Thanksgiving today is exactly what it said it was in the beginning: a day of thanks for the blessings we have in the United States. It doesn’t pretend that it is holy time. It doesn’t celebrate false gods. It simply commemorates and celebrates the physical blessings of the fall harvest that helped establish the early settlers of this country.
A similar study could be done for the Fourth of July. From Wikipedia:
“Independence Day, known colloquially as the Fourth of July, is a federal holiday in the United States commemorating the Declaration of Independence, which was ratified by the Second Continental Congress on July 4, 1776, establishing the United States of America” (“Independence Day (United States)”).
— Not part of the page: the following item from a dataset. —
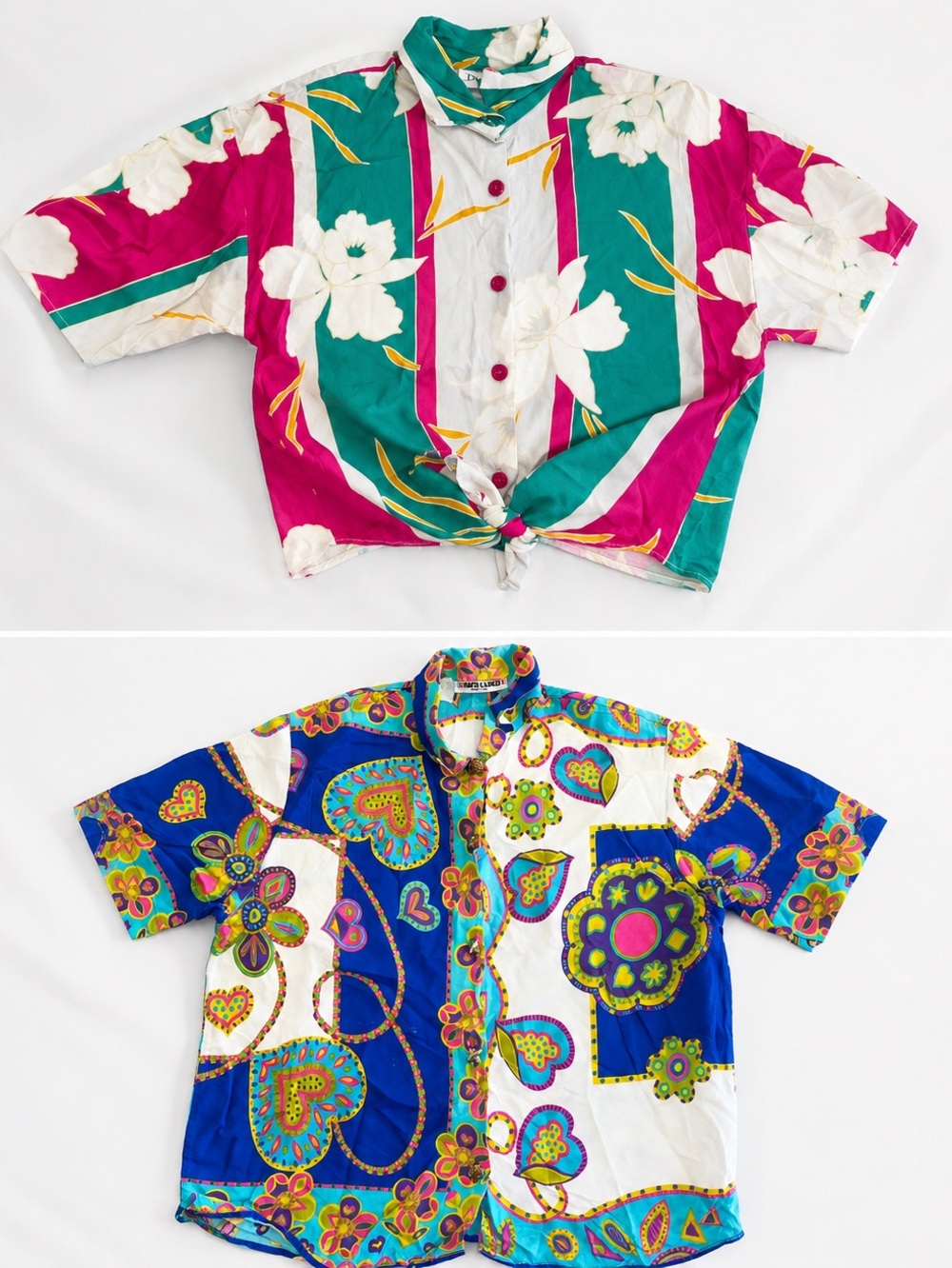Bundle 2 tops retro vintage print shirts women print S/M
Again, the origins of the Fourth of July are very plain and simple. It’s a time set aside to celebrate the freedom we have in the United States. It’s not a mix of ancient religion and Christianity. It’s just an acknowledgment of the great blessing of freedom experienced in this country. In other countries, similar days such as Canada Day, Cinco de Mayo and Bastille Day are celebrated for similar reasons. Research would also show that days like Mother’s Day and Father’s Day have innocent origins.
So, is it okay to celebrate Thanksgiving and the Fourth of July? The answer is: absolutely! Thanksgiving and the Fourth of July don’t pretend to be religious, and don’t have their origins rooted in worshiping false gods; they are simply man-made holidays created to remember significant events.